The 1968 British Formula Three Championship (known as the 1968 Lombank British F3 Championship for sponsorship reasons) was the 18th season of the British Formula 3 season. Australian driver Tim Schenken, driving for Sports Motors (Manchester), won the championship by 11 points from Tony Lanfranchi.

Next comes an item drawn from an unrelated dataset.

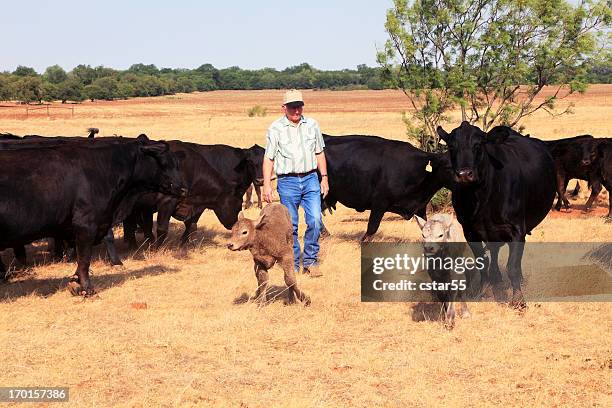 agriculture: farmer or rancher with cattle and drought - biffkor bildbanksfoton och bilder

The Brabham BT21-Ford (and BT21B) dominated the grid with seven of the top ten drivers using the chassis, and winning eleven races. Tim Schenken, however, won the championship as one of the only participants driving the Chevron B9-Ford. The Lotus 41-Ford won one race and the Titan Mk.3-Ford won three races.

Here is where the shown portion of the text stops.